Instead, the reference image data 304 and image data 312 for the
current block can be provided to a motion vector calculator 320,
which computes motion vectors 322 without sub-pixel interpolation.
The computed motion vectors 322 are provided to the encoding module
330.
[0037] A flowchart in FIG. 4, and corresponding graphical
illustration in FIG. 5, describe one these example implementations
in more detail.
[0038] In FIG. 5, a current frame for which motion vectors are to
be computed is partially shown at 500. The current frame includes
at least blocks A, B, C and D. The selection and labeling of blocks
in FIG. 5 is solely for the purposes of illustration. In this
example, it is assumed that the motion vectors will be computed
with respect to a reference frame 502. Given a block, e.g., block
A, in the current frame 500, a search area is defined in the
reference frame 502. In the example shown in FIG. 5, for
illustrative purposes only, the search area includes a center block
in a position in the reference frame corresponding to the position
of the given block in the current frame, and an area of one block
in each direction surrounding that center block. Thus, in 502, the
search area for each of blocks A, B, C and D are shown by placing
the labels, A, B, C and D respectively in each block of the
reference frame which are part of the search area for that block.
Thus, block 506 is in the search region for block A, block 508 is
in the search regions for blocks A, B, C and D, and block 510 is in
the search regions for blocks C and D.
[0039] Given the search areas of blocks A, B, C and D, a subregion
of the reference frame to be used for interpolation can be defined,
as illustrated at 504. In this illustrative example, the subregion
is defined by the union of the four search areas A, B, C and D. In
this example, the resulting subregion 504 is a 4 block by 4 block
subregion of the reference frame 502. The union of these search
areas can be extended by a number of blocks to provide a larger
subregion if desired. The image data for these blocks of the
reference frame, i.e., this subregion 504, can be interpolated to
provide the interpolated image data for the subregion. In one
implementation, statistics for this group of blocks can be computed
to determine whether sub-pixel interpolation will be used for this
group of blocks.
[0040] Turning now to FIG. 4, an example process of computing
motion vectors for each block will now be described in more detail.
Much of the encoding process is defined by a given standard (or
non-standardized) compression algorithm. For example, the
particular order in which blocks are selected, the reference frame
to which they are compared, the search region size and location in
the reference frame, the matching operation and the formula for
computing a motion vector, can vary by implementation and is
different from standard to standard. Given the selection (400) of a
current block, the identification and interpolation of the
subregion of the reference frame to be used for computing the
motion vectors will be described in more detail in FIG. 4.
[0041] As shown in FIG. 4, the video encoding system selects (400)

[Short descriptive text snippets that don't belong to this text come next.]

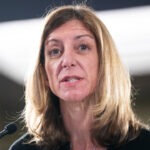 A woman speaking into a microphone.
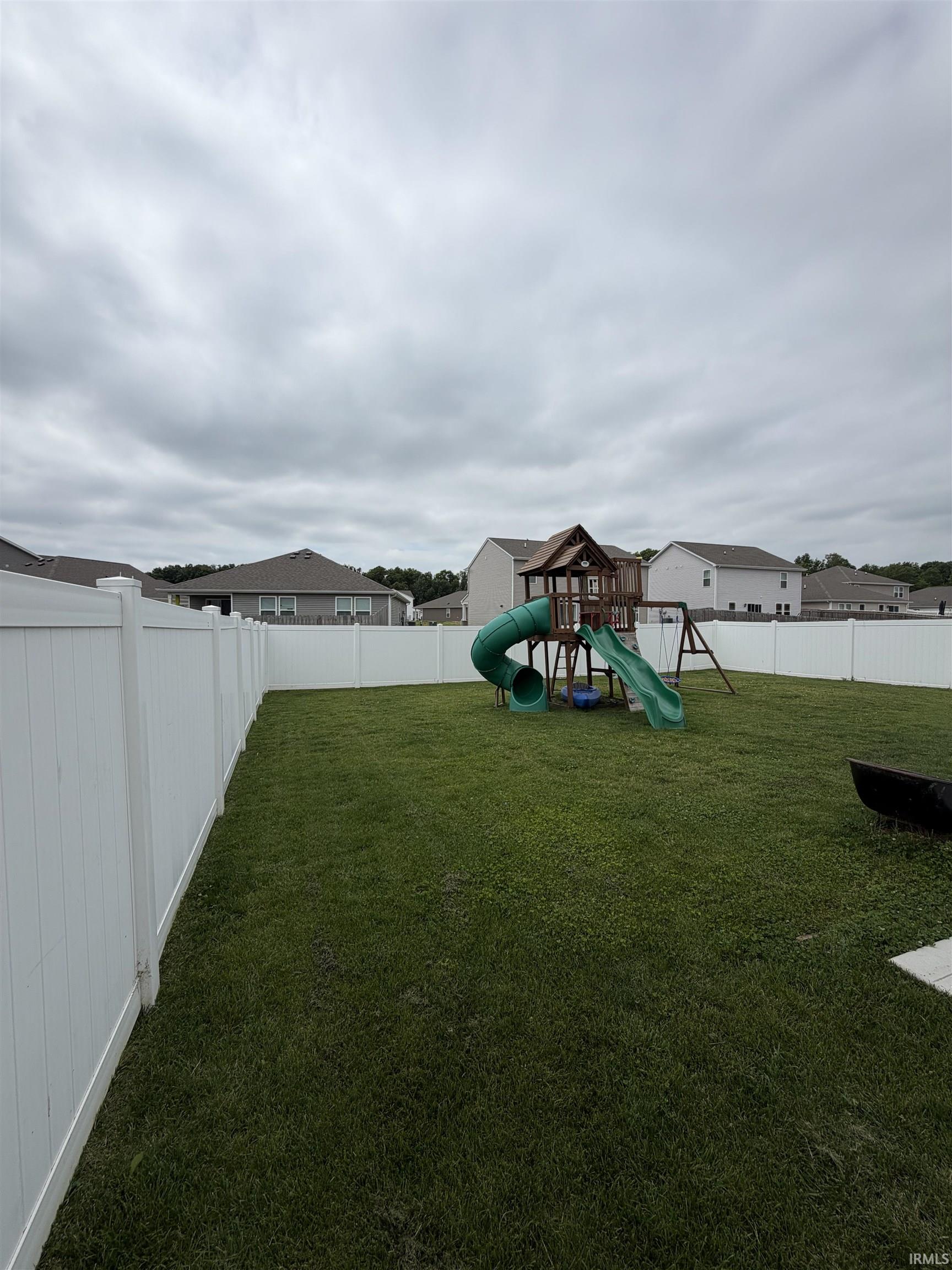Expansive backyard featuring a manicured lawn, a full white vinyl privacy fence, and concrete pavers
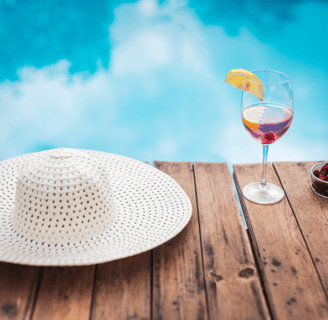 Un verre de rosé avec tranche de citron et un chapeau de plage blanc posés au bord d'une piscine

a current block. The video encoding system performs (402) any
initial processing of the block data for the current block, in
accordance with the encoding process being used. In one
implementation, the video encoding system determines whether the
current interpolated subregion of the reference frame includes the
search region of the current block, as shown at 404. In response to
a determination that the current subregion does not include the
search region of the current block, the video encoding system
updates (406) the subregion. The video encoding system updates this
subregion using one of the techniques described above for
determining the subregion of the reference frame to use for a group
of block of an image given a selected block of that image, and then
interpolates image data of that subregion of the reference frame
and stores the interpolated image data in memory.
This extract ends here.